Binding of holes and competing spin-charge order in simple and extended Hubbard model on cylindrical lattice: An exact diagonalization study
We investigate the binding of holes and the emergence of competing spin-charge order in the simple and extended Hubbard model using exact diagonalization on the 3x4 cylindrical lattice. For the simple Hubbard model (V=0), we find weakly bound hole pairing mediated by magnetic correlations at intermediate repulsive U, without any evidence of phase separation. Introducing nearest-neighbor interaction V reveals a rich phase diagram: attractive V drives multi-hole clustering and phase separation with localized magnetic quenching, while repulsive V stabilizes charge-density-wave (CDW) order that coexists with bound hole pairs within a modulated magnetic background. At strong coupling (U=10), the competition sharpens, with attractive V overcoming on-site repulsion to form magnetically quenched clusters and repulsive V producing robust CDW order that constrains pairing. Real-space analysis of spin and charge correlations provides microscopic evidence of distinct binding mechanisms – phase separation versus correlation-mediated pairing – depending on the sign and strength of intersite interaction V . Our results establish a comprehensive picture of how nonlocal Coulomb interactions reshape the landscape of hole-binding and collective order in correlated electron systems.
💡 Research Summary
In this work the authors perform an exact‑diagonalization (ED) study of the Hubbard model and its extended version on a 3 × 4 cylindrical lattice (12 sites) with periodic boundary conditions along the x‑direction and open boundaries along y. The Hamiltonian includes nearest‑neighbor hopping t, on‑site repulsion U and a nearest‑neighbor interaction V. By varying U (from attractive to strongly repulsive) and V (both attractive and repulsive) they compute ground‑state energies for hole dopings Nh = 0–4 and evaluate binding energies for two, three and four holes (EB2, EB3, EB4). A negative EB2 signals effective attraction between two holes, while negative EB3 and EB4 together indicate phase separation.

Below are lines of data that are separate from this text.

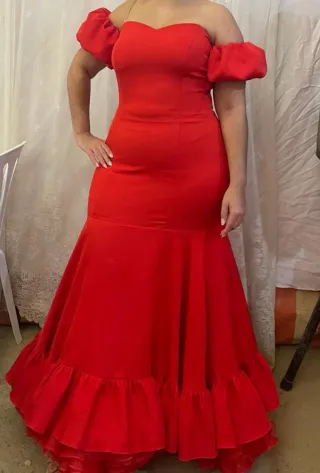 Traje de flamenca rojo volantes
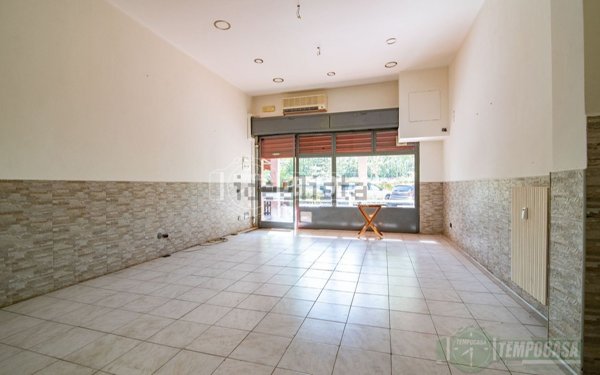 locale commerciale in vendita a Sesto San Giovanni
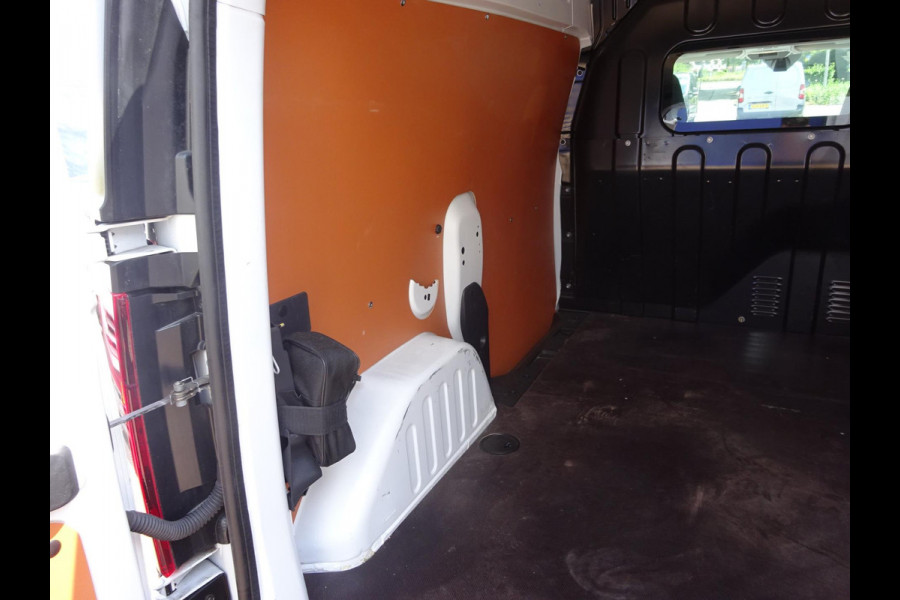 Renault Express 1.5 dCi 75 Comfort + AIRCO GROOT NAVI SCHERM SCHUIFDEUR CRUISE CONTROL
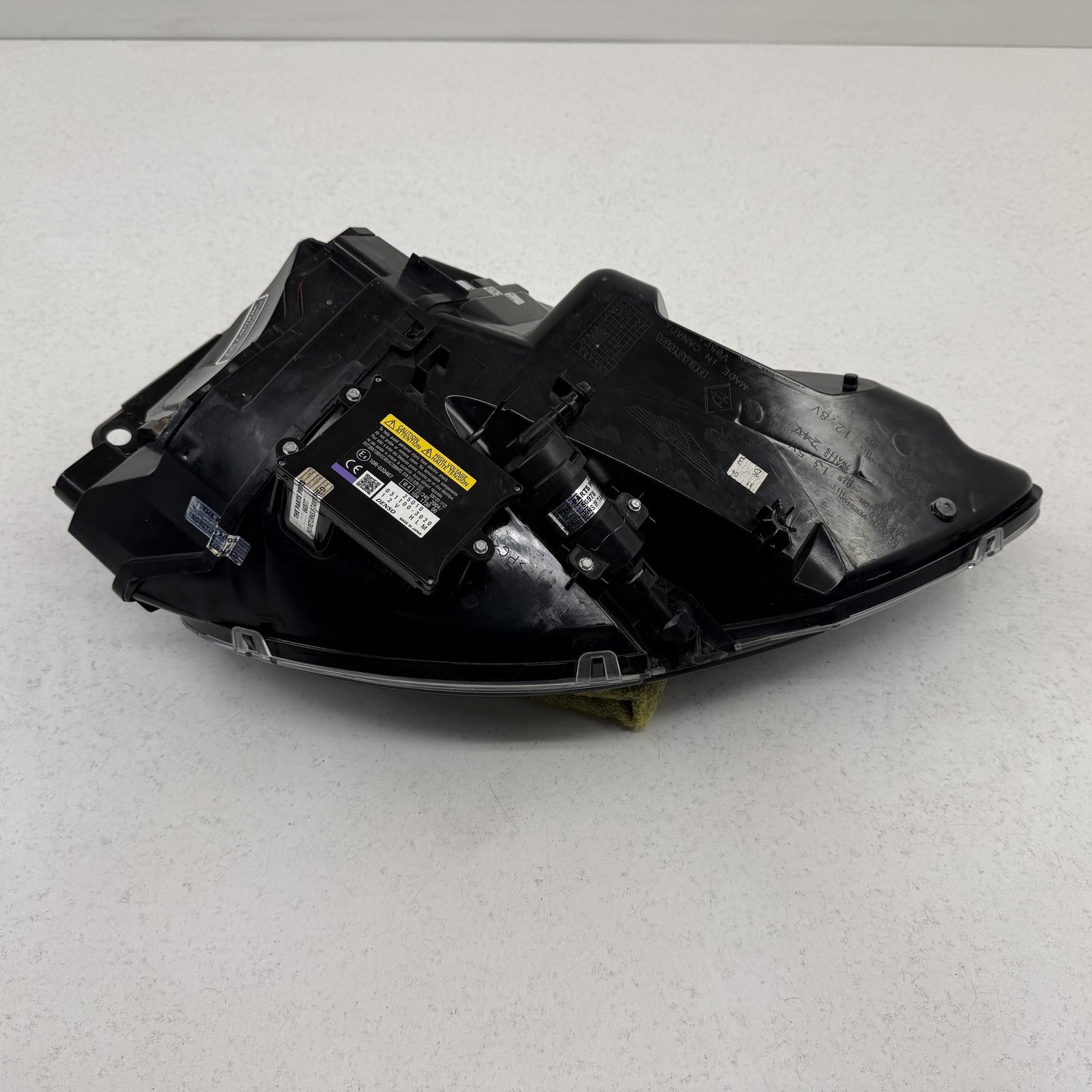 Aston Martin V8 2011-2016 Front Left Headlight P/N BG3313W030CB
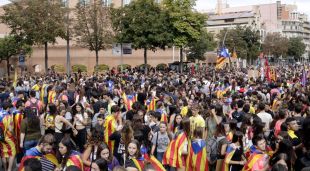 Uns 1.500 estudiants, segons la Policia Municipal de Girona, han participat a la manifestació de l'1-O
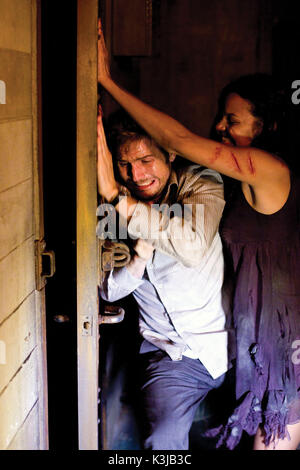 CLOVERFIELD MICHAEL STAHL-DAVID, JESSICA LUCAS CLOVERFIELD Date : 2008 Banque D'Images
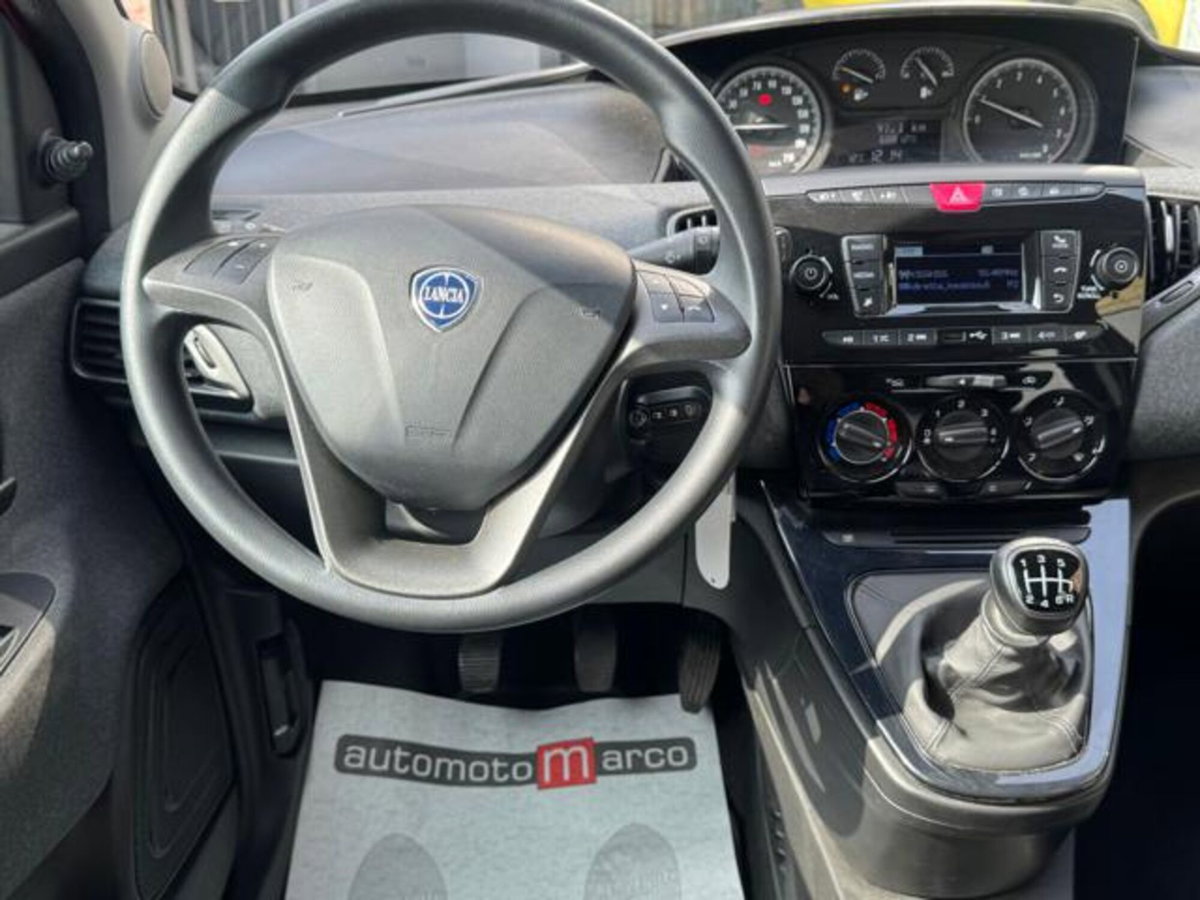 Lancia Ypsilon 1.0 FireFly 5 porte S&S Hybrid Silver Plus (8)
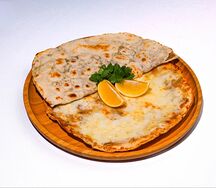 Ламаджо с сыром 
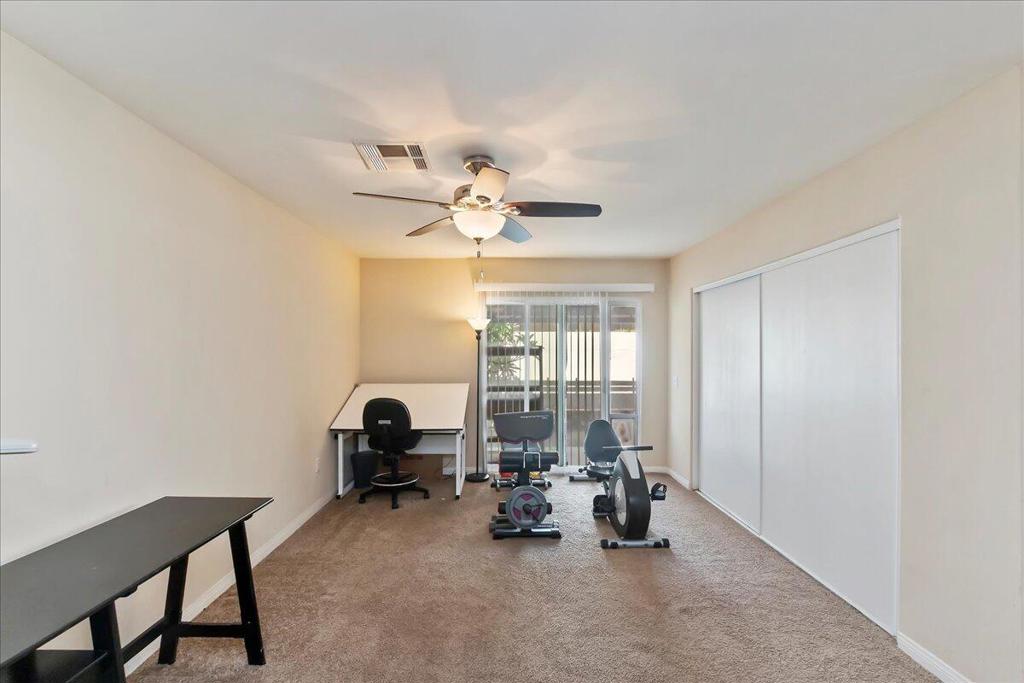 52945 Avenida Herrera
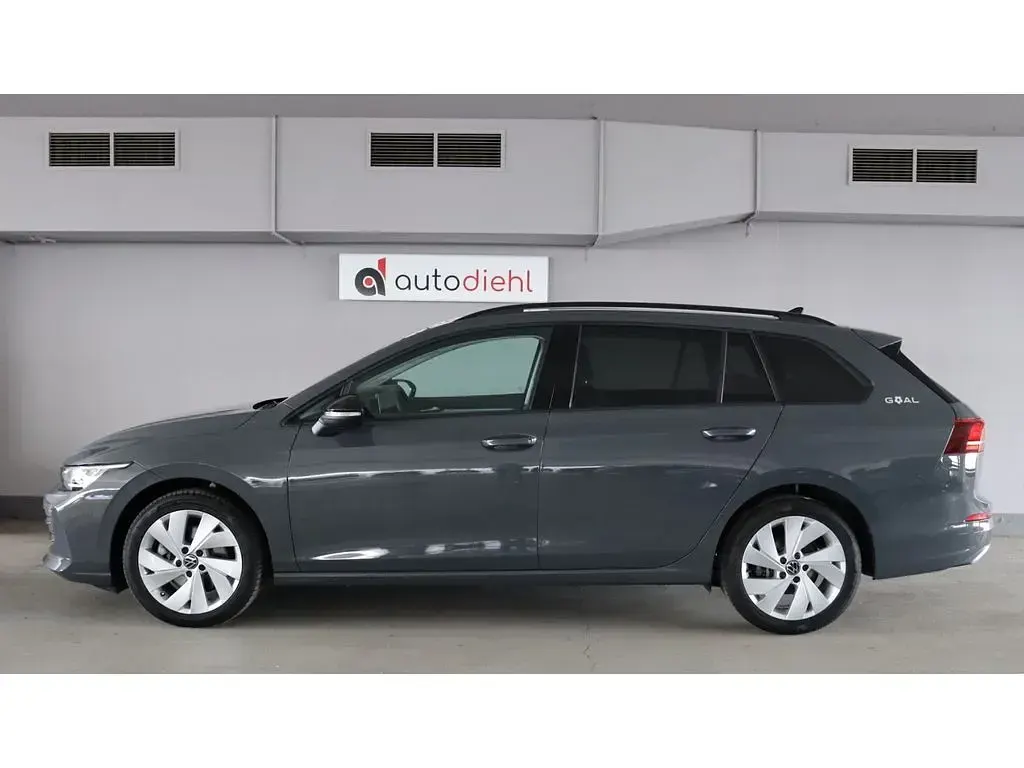 Gebraucht VW Golf VIII Goal 150 PS (110 kW) 2025 Grau Kombi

For the simple Hubbard model (V = 0) the authors find that at intermediate repulsive U (≈ 4 t) the two‑hole binding energy is weakly negative (≈ −0.1 t), suggesting a modest correlation‑induced pairing tendency. The binding is strongest for two holes; three‑ and four‑hole binding energies remain positive for all U, indicating that larger clusters do not form and that the system does not phase‑separate on this finite lattice. Real‑space spin‑spin (Lij) and charge‑charge (Dij) correlators reveal a magnetic‑polaron picture: a single hole drags a cloud of disturbed spins, while a second hole can retrace the path and restore the spin background, thereby gaining kinetic energy.
Introducing a nearest‑neighbor interaction V dramatically reshapes the landscape. For attractive V (V < 0) the two‑hole binding energy becomes strongly negative (e.g., EB2 ≈ −2.5 t at U = 10, V = −2), and EB3 and EB4 also turn negative, signalling the formation of multi‑hole clusters and macroscopic phase separation. In this regime the charge‑charge correlator shows a pronounced peak inside the cluster, while the spin correlator is strongly suppressed, indicating a magnetically quenched region where local magnetic order is destroyed by the dense hole aggregation.
Conversely, repulsive V (V > 0) suppresses hole pairing. EB2 remains only slightly negative (≈ −0.05 t) and EB3, EB4 stay positive, so phase separation is absent. Instead, a charge‑density‑wave (CDW) pattern emerges: Dij exhibits a periodic modulation of charge density across the lattice, and Lij retains a modulated antiferromagnetic background. The CDW competes with hole binding, limiting the mobility of hole pairs. The competition is most pronounced at strong coupling (U = 10), where the sign of V determines whether the system falls into a phase‑separated, magnetically quenched state (V < 0) or a CDW‑stabilized, weakly paired state (V > 0).
The authors also compare periodic and open boundary conditions. While quantitative values of the binding energies shift, the qualitative trends—weak pairing for V = 0, phase separation for V < 0, and CDW for V > 0—are robust. This demonstrates that even on a small cluster the non‑local interaction V is the decisive factor governing whether holes bind via magnetic correlations, cluster and drive phase separation, or coexist with charge order.
In summary, the paper establishes that (i) the simple Hubbard model on a 12‑site cylinder supports only modest two‑hole pairing at intermediate U, (ii) an attractive nearest‑neighbor interaction can overcome on‑site repulsion to produce multi‑hole clusters and phase separation with quenched magnetism, and (iii) a repulsive V stabilizes charge‑density‑wave order that coexists with weakly bound hole pairs within a modulated magnetic background. These exact results provide microscopic insight into how non‑local Coulomb terms reshape spin‑charge competition, offering a valuable benchmark for larger‑scale numerical methods and for experiments on ultracold atoms in optical lattices that emulate extended Hubbard physics.